LTspice is by far sufficient to modelize a bifilar coil in an electronic context. We don't even need to use all the possibilities that it allows (for example, we can neglect parallel resistance).
LTspice is not sufficient to modelize in the context of physics. The topology of the electric and magnetic fields remains unknown. Other tools are needed for this.

No experiment is necessary to test everything we can imagine. For example, "What if I had a third winding?"  "What if I replace Cu with Al for the wire?" "What if my pancakecoil isn't flat but curved like a horse saddle?"... it would be futile. There are millions of configurations of anything without any sign that they would bring something new. We only need to test ideas for which there are strong indications of a possible new underlying principle, theoretical or practical.

For example, I started with these coils because I have the idea of producing induction currents in insulators. Displacement currents in vacuum or insulators produce magnetic fields so conversely a variable magnetic field must create a displacement current in a dielectric.
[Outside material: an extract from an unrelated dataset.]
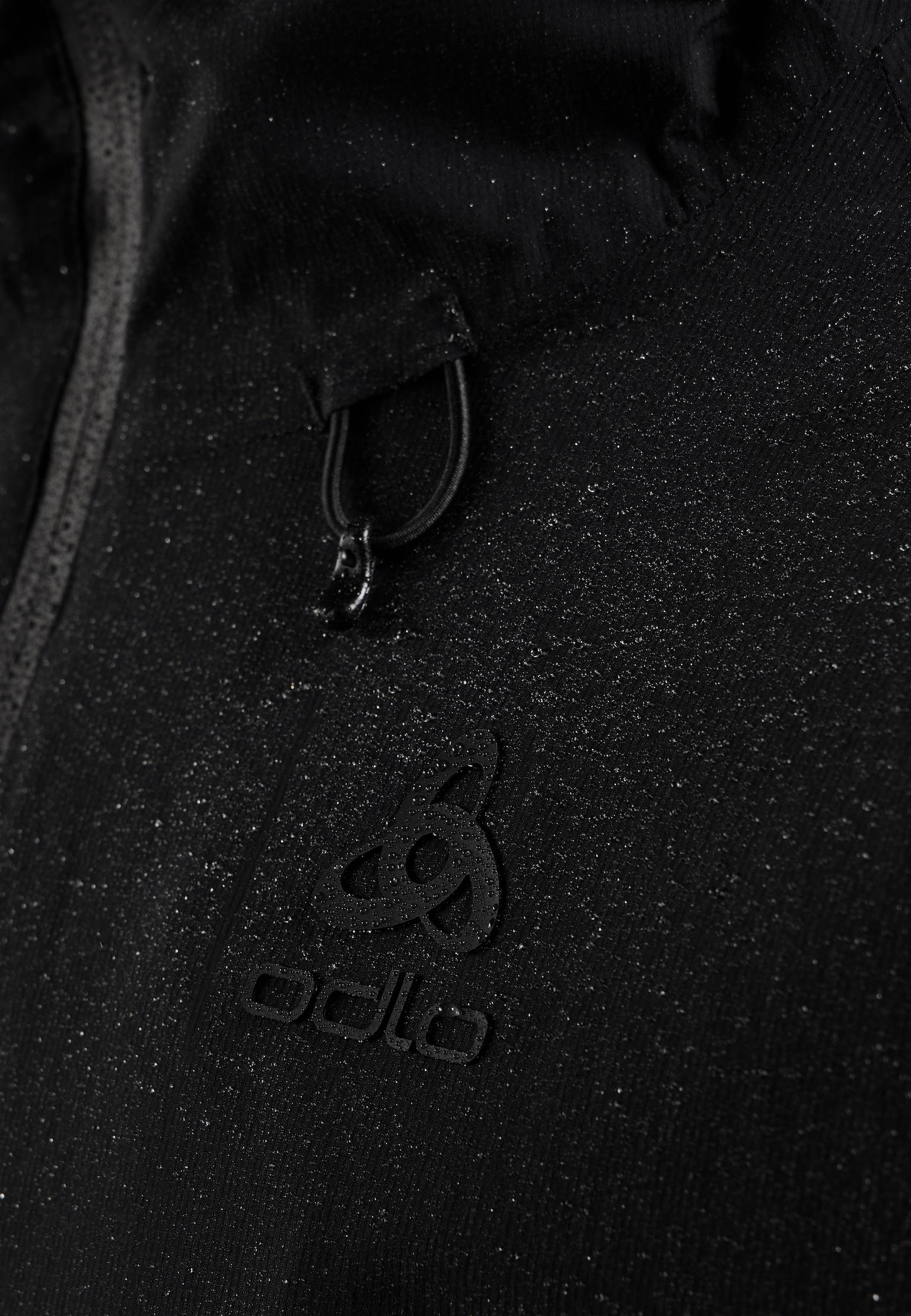 Ascent S-Thermic Waterproof Gewatteerd Jack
The advantage is that there are fewer losses in insulators than in conductors (except superconductors) so we could realize high Q resonant systems. When the (not electrolytic) capacitors of the industry are almost perfect (low electrical resistance, almost no dielectric losses), the inductors, on the other hand, are very bad: rapid current dissipation in their resistance while a capacitor maintains its charge for a long time.
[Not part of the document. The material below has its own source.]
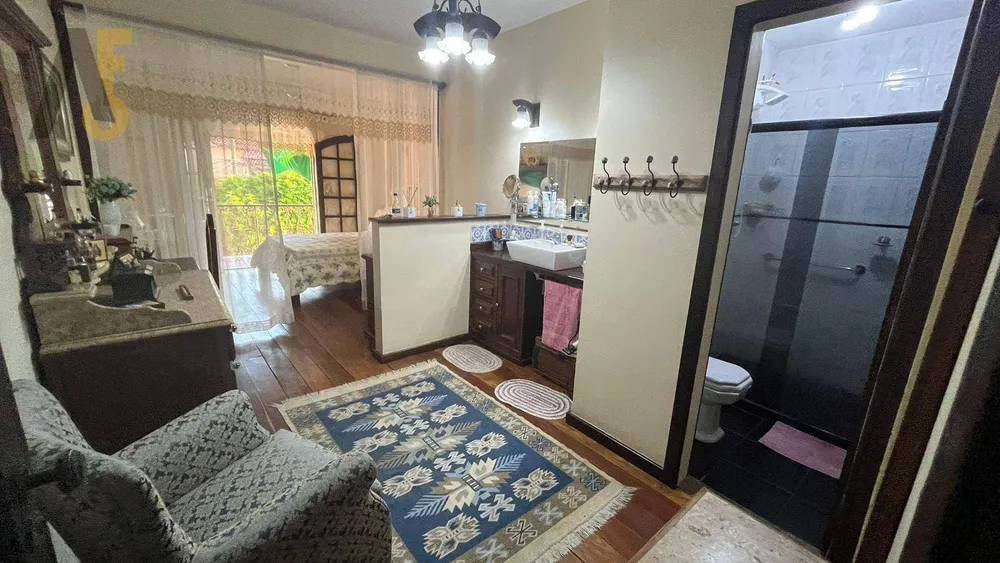 Casa de Condomínio, 5 quartos - Foto 8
The configuration in "bifilSeries.jpg" suggested to me that part of the current that passes from one winding to the other through the dielectric could produce a displacement current partly along the dielectric. In fact, probably not at all, the electric field remains well perpendicular to both windings.
Now I'm thinking of other ways to "coil" a dielectric, to make a kind of longitudinal capacitor whose dielectric thickness would be much greater than conductor length, capable of being coupled like a coil to a magnetic field that it would encircle.

If there are thousands of feasible but useless experiments because nothing predicts the slightest interest, and in this case modelling is a waste of time but less than real experiments, on the other hand I have one that could be interesting but I don't know how to build it...